→ **PROBLEM STATEMENT**:
Leaving out pictures, output exactly the lines below from the one that has "ASOS DESIGN bandeau" through the one that has "Dr. Putu Sudira, M.P. Prodi PTK PPs UNY", and nothing else.

→ **MATERIAL FOR THE TASK**:
- - - - - - -
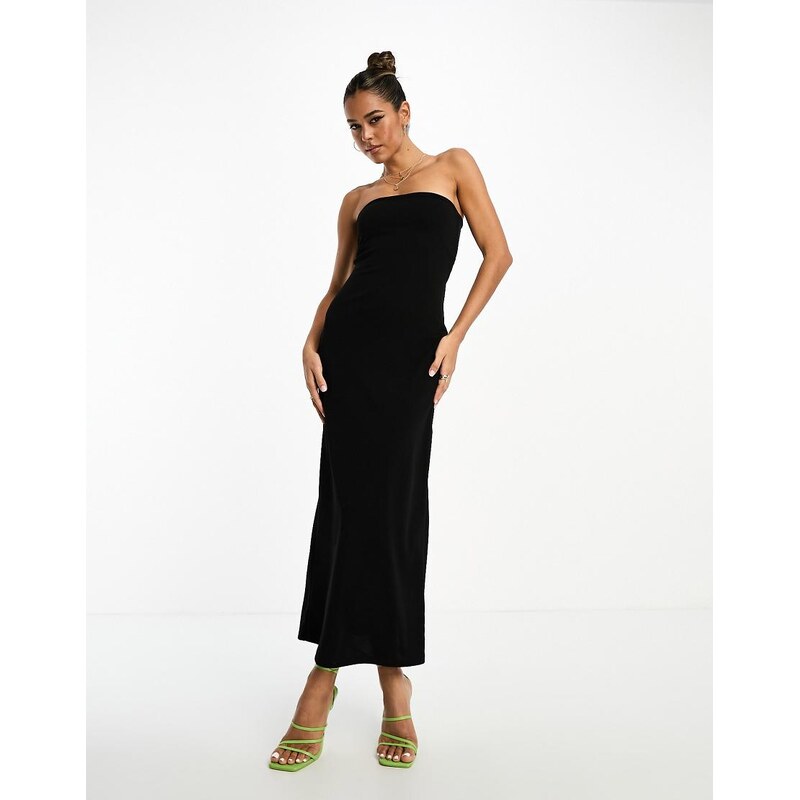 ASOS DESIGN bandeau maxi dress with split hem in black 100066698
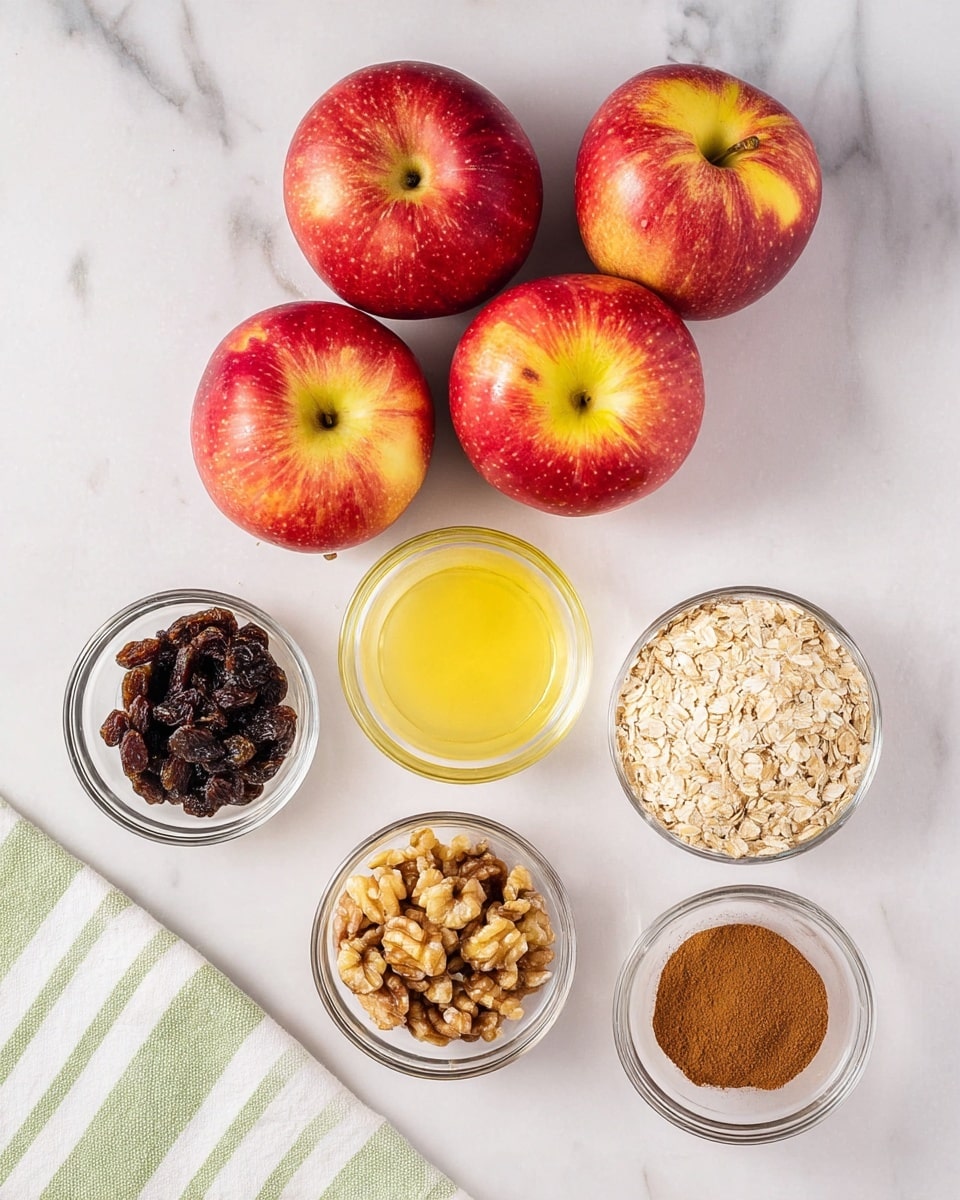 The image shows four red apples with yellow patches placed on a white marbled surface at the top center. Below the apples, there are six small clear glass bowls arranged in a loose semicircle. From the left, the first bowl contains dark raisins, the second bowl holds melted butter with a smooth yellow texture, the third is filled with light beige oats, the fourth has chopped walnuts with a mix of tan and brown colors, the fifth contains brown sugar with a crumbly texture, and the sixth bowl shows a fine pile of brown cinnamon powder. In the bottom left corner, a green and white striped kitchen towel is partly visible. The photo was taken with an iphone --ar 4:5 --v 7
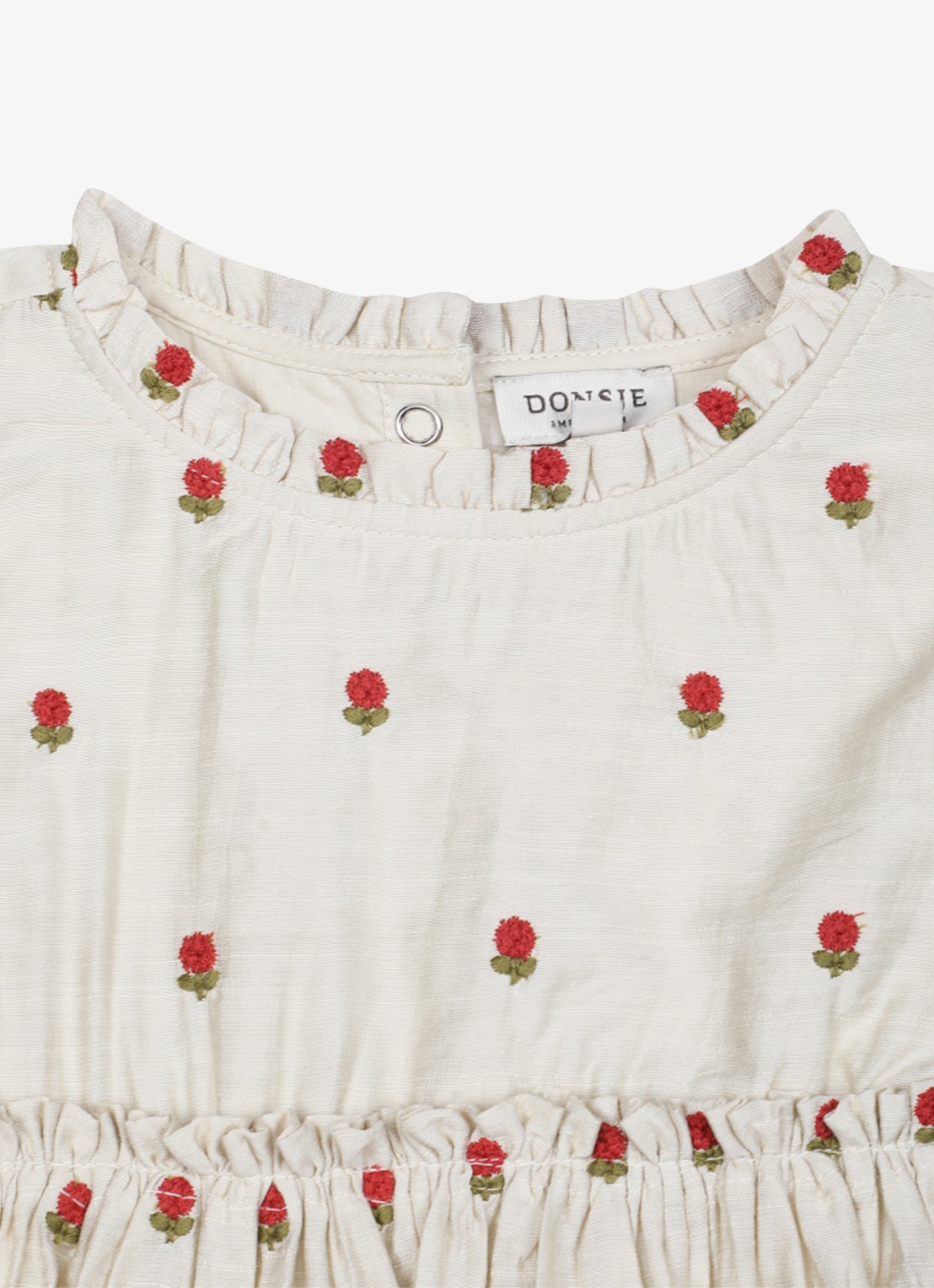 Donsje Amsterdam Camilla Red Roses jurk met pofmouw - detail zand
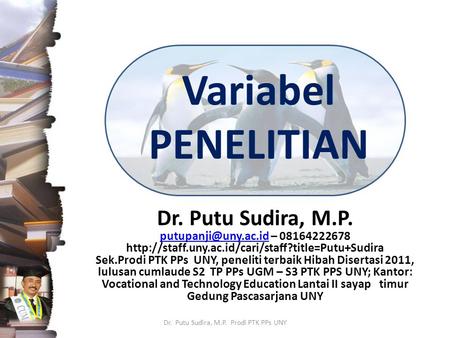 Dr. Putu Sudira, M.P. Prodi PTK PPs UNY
- - - - - - -
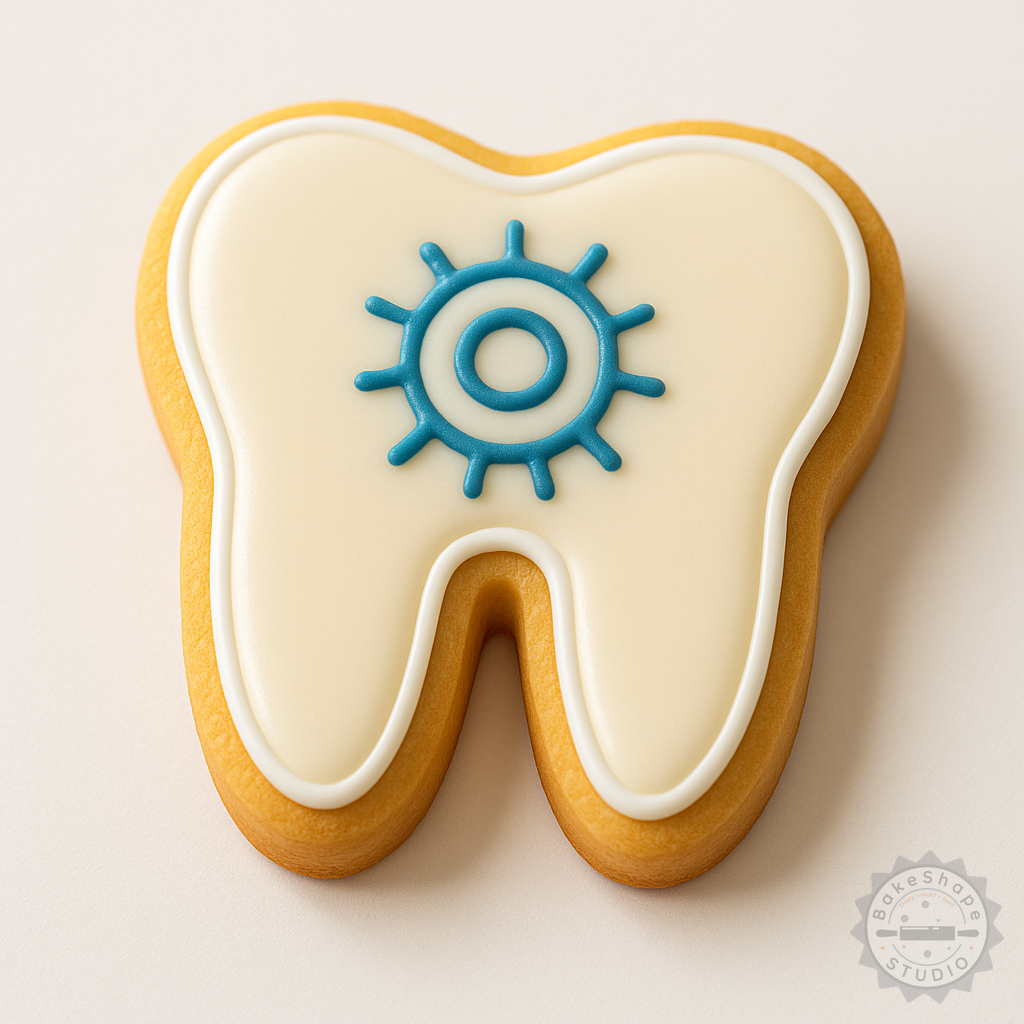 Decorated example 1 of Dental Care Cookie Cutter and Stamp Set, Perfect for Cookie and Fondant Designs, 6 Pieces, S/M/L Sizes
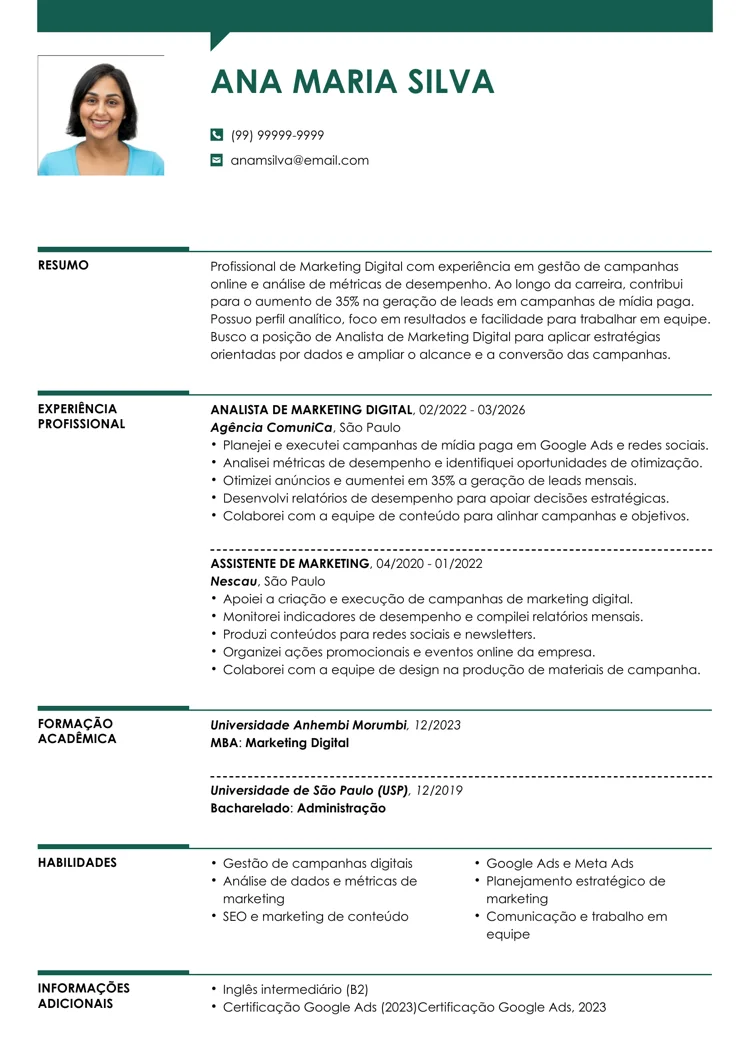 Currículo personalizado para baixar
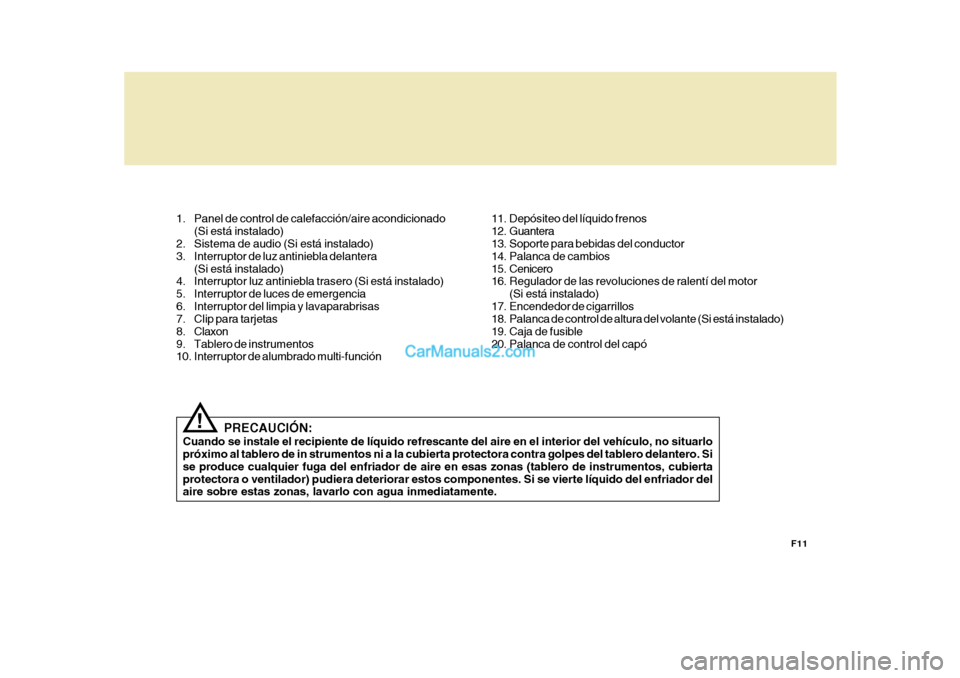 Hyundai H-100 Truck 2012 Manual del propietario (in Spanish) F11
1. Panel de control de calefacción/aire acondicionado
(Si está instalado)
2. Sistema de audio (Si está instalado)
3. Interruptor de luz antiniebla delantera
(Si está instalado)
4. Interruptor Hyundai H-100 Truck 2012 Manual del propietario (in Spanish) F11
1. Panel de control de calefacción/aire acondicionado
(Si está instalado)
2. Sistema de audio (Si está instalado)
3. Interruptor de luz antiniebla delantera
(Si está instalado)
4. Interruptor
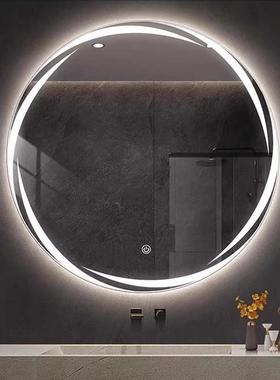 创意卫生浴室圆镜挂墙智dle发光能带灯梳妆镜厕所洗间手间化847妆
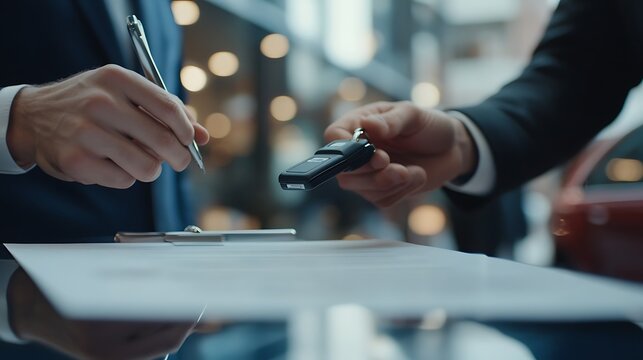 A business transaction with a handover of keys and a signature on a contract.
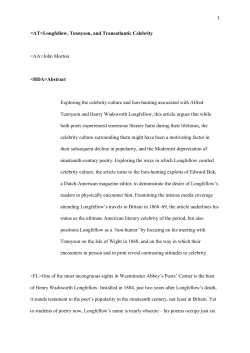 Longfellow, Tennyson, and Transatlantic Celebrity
- - - - - - -
→ **WRITTEN ANSWER**:
 ASOS DESIGN bandeau maxi dress with split hem in black 100066698
 The image shows four red apples with yellow patches placed on a white marbled surface at the top center. Below the apples, there are six small clear glass bowls arranged in a loose semicircle. From the left, the first bowl contains dark raisins, the second bowl holds melted butter with a smooth yellow texture, the third is filled with light beige oats, the fourth has chopped walnuts with a mix of tan and brown colors, the fifth contains brown sugar with a crumbly texture, and the sixth bowl shows a fine pile of brown cinnamon powder. In the bottom left corner, a green and white striped kitchen towel is partly visible. The photo was taken with an iphone --ar 4:5 --v 7
 Donsje Amsterdam Camilla Red Roses jurk met pofmouw - detail zand
 Dr. Putu Sudira, M.P. Prodi PTK PPs UNY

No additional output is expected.